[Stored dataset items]
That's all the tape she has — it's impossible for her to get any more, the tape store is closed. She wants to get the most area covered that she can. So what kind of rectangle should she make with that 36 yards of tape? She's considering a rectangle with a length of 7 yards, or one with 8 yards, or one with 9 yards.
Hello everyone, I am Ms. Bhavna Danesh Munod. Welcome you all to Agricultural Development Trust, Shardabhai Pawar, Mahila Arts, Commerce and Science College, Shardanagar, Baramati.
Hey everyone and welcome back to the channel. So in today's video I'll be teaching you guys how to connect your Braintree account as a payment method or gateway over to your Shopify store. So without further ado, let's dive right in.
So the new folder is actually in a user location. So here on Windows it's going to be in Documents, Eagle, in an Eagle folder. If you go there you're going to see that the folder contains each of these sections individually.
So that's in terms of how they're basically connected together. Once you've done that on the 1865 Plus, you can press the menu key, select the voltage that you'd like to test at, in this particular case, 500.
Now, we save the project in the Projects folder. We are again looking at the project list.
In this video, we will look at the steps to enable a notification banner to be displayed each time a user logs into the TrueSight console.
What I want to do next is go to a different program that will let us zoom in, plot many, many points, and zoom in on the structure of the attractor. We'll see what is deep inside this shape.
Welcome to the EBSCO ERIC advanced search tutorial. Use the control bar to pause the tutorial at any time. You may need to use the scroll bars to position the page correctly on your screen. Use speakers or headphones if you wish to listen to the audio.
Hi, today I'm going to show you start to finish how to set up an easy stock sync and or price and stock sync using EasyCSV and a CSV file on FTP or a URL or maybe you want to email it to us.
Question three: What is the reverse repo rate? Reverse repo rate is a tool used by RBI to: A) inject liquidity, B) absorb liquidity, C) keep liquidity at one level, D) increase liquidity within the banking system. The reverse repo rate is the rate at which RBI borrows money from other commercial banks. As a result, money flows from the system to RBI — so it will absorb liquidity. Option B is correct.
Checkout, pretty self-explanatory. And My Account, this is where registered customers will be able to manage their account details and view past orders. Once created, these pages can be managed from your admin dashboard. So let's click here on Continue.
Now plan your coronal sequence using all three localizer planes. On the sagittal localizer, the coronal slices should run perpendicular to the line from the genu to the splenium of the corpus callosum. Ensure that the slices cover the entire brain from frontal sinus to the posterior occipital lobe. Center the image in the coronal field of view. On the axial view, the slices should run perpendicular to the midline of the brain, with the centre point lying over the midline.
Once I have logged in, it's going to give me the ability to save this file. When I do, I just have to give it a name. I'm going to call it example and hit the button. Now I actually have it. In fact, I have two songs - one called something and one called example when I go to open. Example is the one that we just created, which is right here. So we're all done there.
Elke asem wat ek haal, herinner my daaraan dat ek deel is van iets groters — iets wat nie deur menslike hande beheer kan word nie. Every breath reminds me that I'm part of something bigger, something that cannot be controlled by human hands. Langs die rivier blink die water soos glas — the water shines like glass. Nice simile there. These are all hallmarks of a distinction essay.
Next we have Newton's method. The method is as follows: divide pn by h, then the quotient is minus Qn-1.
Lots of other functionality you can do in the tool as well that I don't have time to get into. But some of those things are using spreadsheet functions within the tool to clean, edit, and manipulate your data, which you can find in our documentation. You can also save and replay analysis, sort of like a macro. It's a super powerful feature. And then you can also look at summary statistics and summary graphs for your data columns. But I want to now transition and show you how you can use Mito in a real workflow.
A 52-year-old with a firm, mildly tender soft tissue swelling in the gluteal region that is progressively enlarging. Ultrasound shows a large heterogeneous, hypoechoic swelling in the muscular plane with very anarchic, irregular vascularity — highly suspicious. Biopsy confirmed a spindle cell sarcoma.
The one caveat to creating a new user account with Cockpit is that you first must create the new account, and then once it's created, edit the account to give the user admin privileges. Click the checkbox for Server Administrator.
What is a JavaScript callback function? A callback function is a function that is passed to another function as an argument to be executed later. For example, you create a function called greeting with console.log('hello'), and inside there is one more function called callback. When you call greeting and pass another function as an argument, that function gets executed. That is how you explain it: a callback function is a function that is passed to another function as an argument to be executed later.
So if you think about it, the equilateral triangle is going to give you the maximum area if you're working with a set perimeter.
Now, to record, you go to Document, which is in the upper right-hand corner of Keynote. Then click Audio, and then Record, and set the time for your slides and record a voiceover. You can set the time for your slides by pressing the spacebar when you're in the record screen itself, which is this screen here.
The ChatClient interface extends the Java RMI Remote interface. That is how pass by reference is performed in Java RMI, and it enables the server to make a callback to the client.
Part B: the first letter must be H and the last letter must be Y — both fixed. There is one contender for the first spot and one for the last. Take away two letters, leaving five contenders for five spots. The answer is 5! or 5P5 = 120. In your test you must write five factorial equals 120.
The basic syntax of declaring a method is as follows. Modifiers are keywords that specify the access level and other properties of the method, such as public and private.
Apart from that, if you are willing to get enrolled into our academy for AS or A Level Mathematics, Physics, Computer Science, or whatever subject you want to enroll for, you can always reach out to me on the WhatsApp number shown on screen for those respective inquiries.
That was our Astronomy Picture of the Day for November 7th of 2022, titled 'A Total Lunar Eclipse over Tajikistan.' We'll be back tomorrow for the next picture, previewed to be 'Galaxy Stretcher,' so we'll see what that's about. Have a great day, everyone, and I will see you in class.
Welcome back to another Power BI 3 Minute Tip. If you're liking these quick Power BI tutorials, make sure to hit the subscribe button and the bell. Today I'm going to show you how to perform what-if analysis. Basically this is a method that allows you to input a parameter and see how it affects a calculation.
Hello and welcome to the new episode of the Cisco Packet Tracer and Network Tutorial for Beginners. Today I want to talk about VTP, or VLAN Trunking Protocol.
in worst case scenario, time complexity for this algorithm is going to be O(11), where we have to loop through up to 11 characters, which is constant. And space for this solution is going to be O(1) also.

### What you will do
The expected output is every line of the records in which the string "analysis" appears.

### Solution below
Lots of other functionality you can do in the tool as well that I don't have time to get into. But some of those things are using spreadsheet functions within the tool to clean, edit, and manipulate your data, which you can find in our documentation. You can also save and replay analysis, sort of like a macro. It's a super powerful feature. And then you can also look at summary statistics and summary graphs for your data columns. But I want to now transition and show you how you can use Mito in a real workflow.
Welcome back to another Power BI 3 Minute Tip. If you're liking these quick Power BI tutorials, make sure to hit the subscribe button and the bell. Today I'm going to show you how to perform what-if analysis. Basically this is a method that allows you to input a parameter and see how it affects a calculation.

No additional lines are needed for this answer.